FEDERAL COURT OF AUSTRALIA
Mohammed v Minister for Immigration and Border Protection [2018] FCA 767
ORDERS
Appellant | ||
AND: | MINISTER FOR IMMIGRATION AND BORDER PROTECTION First Respondent ADMINISTRATIVE APPEALS TRIBUNAL Second Respondent | |
DATE OF ORDER: |
THE COURT ORDERS THAT:
2. The appellant pay to the first respondent the costs of and in connection with the appeal fixed in the sum of $6,439.00.
Note: Entry of orders is dealt with in Rule 39.32 of the Federal Court Rules 2011.
MIDDLETON J:
INTRODUCTION
1 This is an appeal from a judgment of the Federal Circuit Court given on 10 November 2017. The primary judge dismissed an application for judicial review of a decision of the second respondent (the ‘Tribunal’) made on 27 October 2014, to affirm a decision by a delegate of the first respondent (the ‘Minister’) to refuse to grant the appellant a Skilled (Provisional) (Class VC) visa (a ‘skilled visa’).

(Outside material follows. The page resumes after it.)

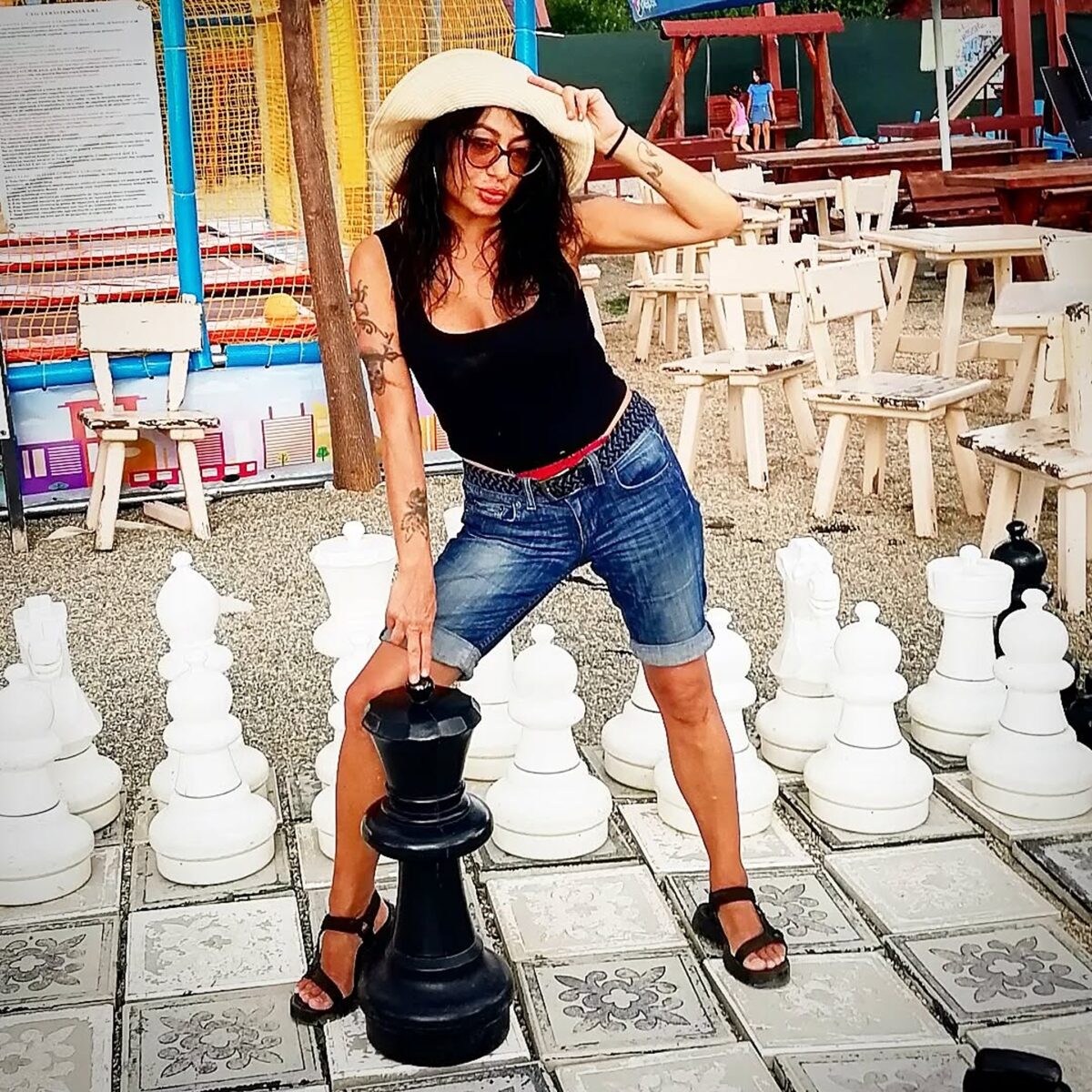 Ce s-a întâmplat cu pisicile Ioanei Popescu. Unde au ajuns animăluțele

2 On 24 November 2017, the appellant filed a notice of appeal with the following grounds that the Federal Circuit Court:-
(1) Erred in dismissing the case unfairly without any evidence.
(2) Ignored the fact that the appellant had not “colluded” in the fraud of his migration agent (‘S & S Migration’).

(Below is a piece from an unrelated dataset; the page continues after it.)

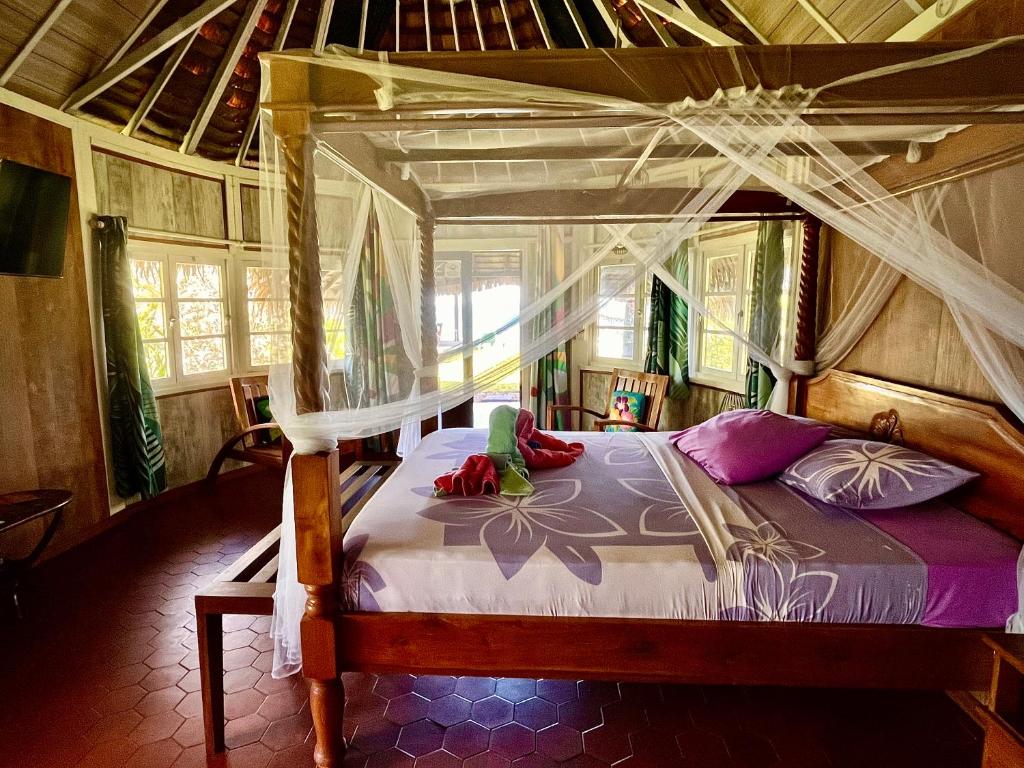 リナルバ モーレア ビーチ リゾート (Linareva Moorea Beach Resort)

(3) Erred in finding that the appellant was “indifferent” to the fraudulent actions of his migration agent in a manner that amounted to a general authority to his agent.

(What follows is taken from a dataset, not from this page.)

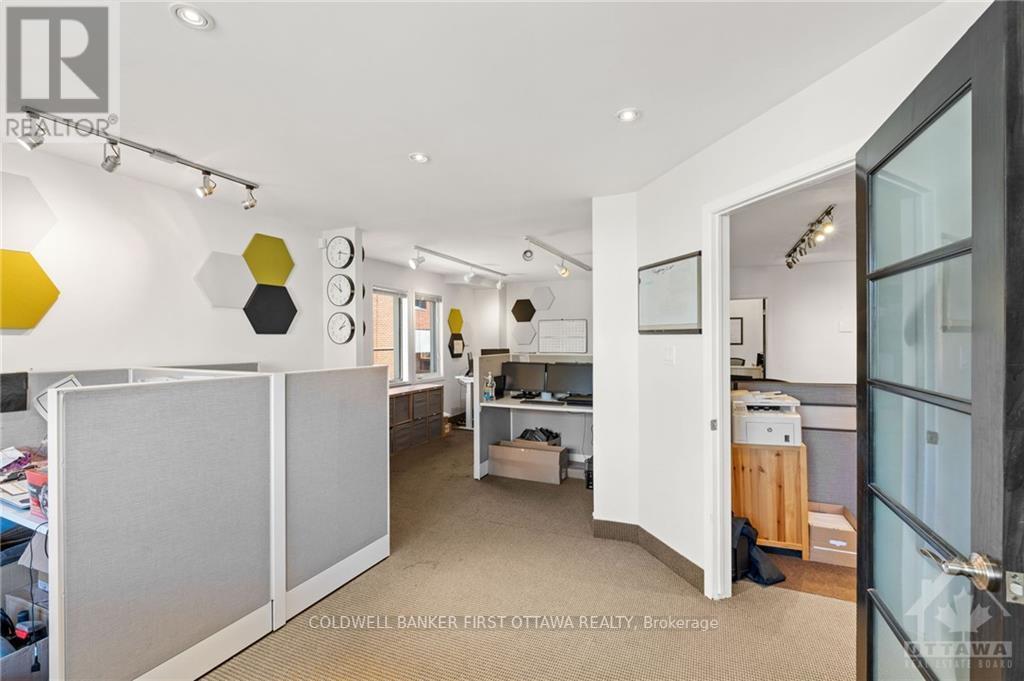 346 Waverley Street Property Photo 7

(4) Erred in considering that in its finding that the appellant “was indifferent” to his agent’s fraud, having regard to the nature of that indifference, was a sufficient basis to deny the appellant the relief he sought given that the Federal Circuit Court found that there was fraud by the migration agent and no evidence that the appellant was positively complicit in that fraud.
3 One of the main contentions of the appellant was that the primary judge should have found that his visa application was invalid, on the basis that the purported application was vitiated by fraud perpetrated by his migration agent.
4 The written submissions of the appellant filed in this Court included the following grounds:
1. The Honour Judge ought to have seen that the standard of proof applied should be the criminal standard of beyond reasonable doubt is not applicable in the present case to the applicant. Neither the Honour Judge in his reasoning in the impugned judgment nor the respondent in his arguments dealt with the question squarely. Though the Honour Judge categorically recorded at Paragraph 25 that strictly speaking, it was not correct to conclude there was no evidence about the matters about which the applicant spoke as the applicant filed affidavit setting out certain issues. That said, I invited the applicant to tell me all he wanted to tell me about the visa application in this case and of the role of S&S had in the process.
2. The Honour Judge should not have confined to evidence tested by cross- examination or oral evidence as it cannot have been easy for the appellant to face lengthy questioning from experienced counsel before the court of High level.
3. The Honour Judge should have found that the respondent's decision was not in accordance with the law since the judge failed to point out the insufficient evidence provided to allege that the applicant was indifferent to his agent's fraud. The letter of Tribunal 28 April 2014 stating that information relating to the applicant was located in the S&S and the S&S had been found to have lodged applications to the then Department of Immigration and Citizenship that contained false or misleading Information. On the other hand evidence given by the applicant by filing document under the heading "Affidavit for Federal Circuit Court of Australia and the statement made by the applicant before the Honour Judge from the bar table are consistent and candid.
4. The Honour Judge ought to have held that the appellant is not bound by the strict rules of evidence and is entitled to have regard to discharging the burden of proving the fraud on the balance of probabilities and the evidence on record duly affirming by both the parties that S&S migration has committed the fraud.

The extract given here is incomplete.